Por Paulo Ghiraldelli - especial para o iG.
Somos infelizes por nos acharmos sabichões ao mostrar a verdade como algo guardado a sete chaves, diz filósofo.
Dia 15, “Dia do Professor”, Nietzsche fez 169 anos. Ele foi um bom professor de filologia. Da filologia deslizou naturalmente para a filosofia, e às vezes se dizia psicólogo. Gostava de ensinar e chegou a dizer que era capaz de fazer até um urso aprender. Ao dizer isso estava pensando, é claro, em certos alunos pouco dotados para a universidade. Ele próprio sabia-se bem apto para o trabalho intelectual. Por isso, desde o início, jamais se defrontou senão com os grandes.
Escolheu como adversário Sócrates! Escolhendo Sócrates levou junto, obviamente, Platão. Nietzsche faz sucesso ainda hoje exatamente por ousar dizer que o melhor que a filosofia tinha a fazer era escapar das garras de Platão!

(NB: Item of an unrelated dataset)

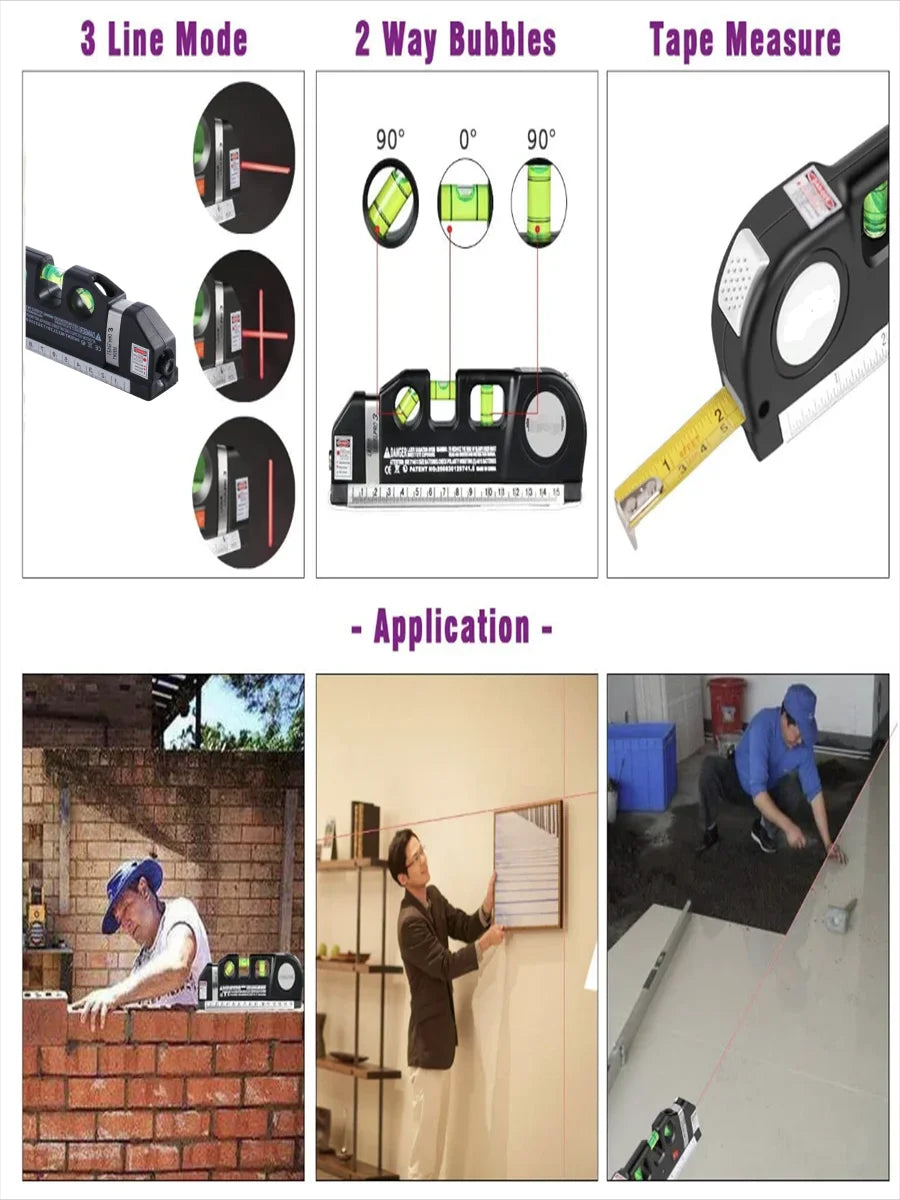Multipurpose Laser Level Tool with Measuring Tape - Smarsty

Nietzsche sempre achou que os ingênuos, aqueles que nunca desconfiaram de William Bonner e Patrícia Poeta, não eram nem um pouco menos sabidos que os desconfiados
Mas o que é escapar das garras de Platão? Em termos maximamente resumidos e tornados palatáveis para o nosso uso aqui: conversemos como quem nunca ouviu falar da Caverna de Platão ou da Rede Globo.
Mas o problema é que uma boa parte de nós, modernos ou herdeiros dos modernos, mesmo que jamais tenhamos lido Platão ou visto Patrícia Poeta, vivemos em uma grande cápsula, envoltos em um líquido que nos traz vestígios de todas as paragens desse recipiente. De alguma maneira, coisas de Platão e de Patrícia acabam por bater em nós.
Mamamos no seio informativo de Patrícia, mas desconfiamos de tudo que esse seio nos fornece, uma vez que damos ouvidos para as dicas platônicas. Essas dicas são terríveis. Somos fracos, e então é impossível não ficar com elas, pois nos fazem acreditar que somos muito sapecas, perspicazes e até inteligentes.
O platonismo nos diz que os seios de Patrícia, que sugamos vorazmente, nos dá um leite que, se é que existe, está mais para um colostro fajuto que para leite real. Então, olhamos do lado e vemos outro bebê, agarrado no seio restante da moça. Ele está feliz. Pensamos: “que tolo, que alienado, não percebe que está se esbaldando com os mamilos, com o sensual bico do seio da Patrícia, mas que está só se enfraquecendo porque dali não sai uma proteína sequer.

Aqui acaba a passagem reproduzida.